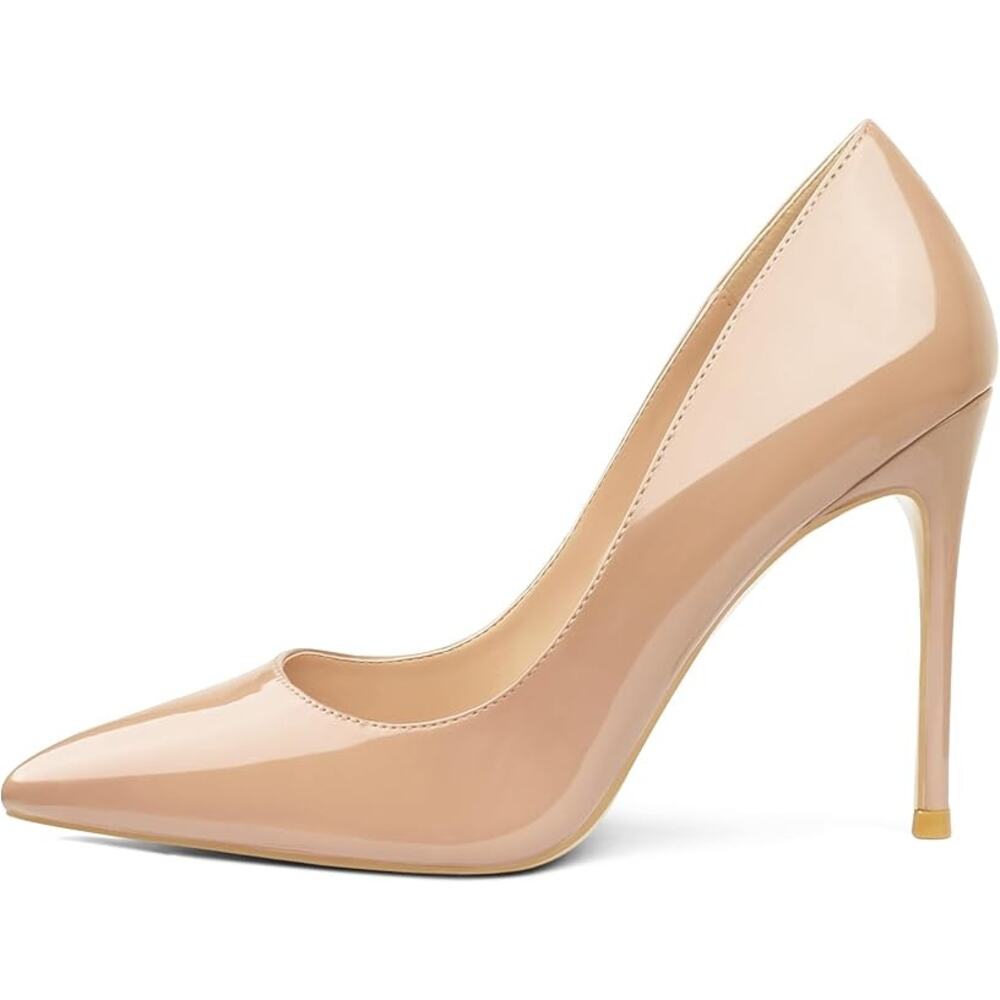 Coleter Womens Size 7 Tan Faux Patent Leather 4" Heel Pointy Toe Pumps Shoes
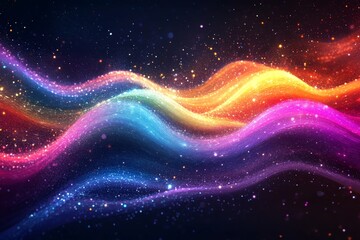 Fototapeta premium Multicolored Shining Flow Concept Design, Generative AI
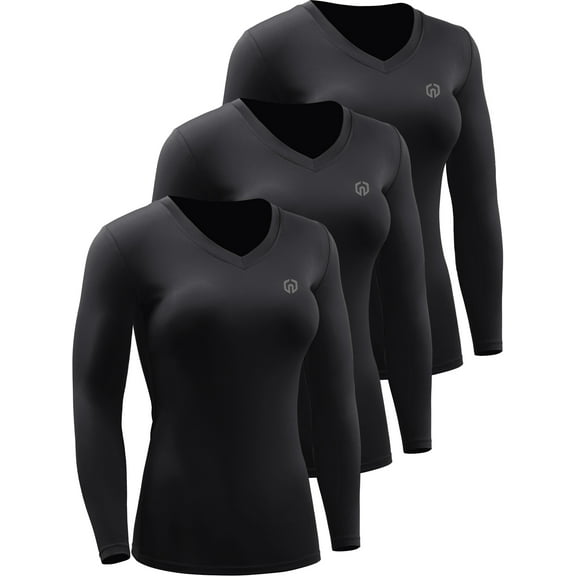 NELEUS Womens Compression Shirts Workout Yoga T Shirt V Neck Long Sleeve 3 Pack,Black,US Size L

> **Work instructions**
A word-for-word repetition of the data above, without pictures, is the expected answer.

> **Result of this exercise**
 Coleter Womens Size 7 Tan Faux Patent Leather 4" Heel Pointy Toe Pumps Shoes
 Fototapeta premium Multicolored Shining Flow Concept Design, Generative AI
 NELEUS Womens Compression Shirts Workout Yoga T Shirt V Neck Long Sleeve 3 Pack,Black,US Size L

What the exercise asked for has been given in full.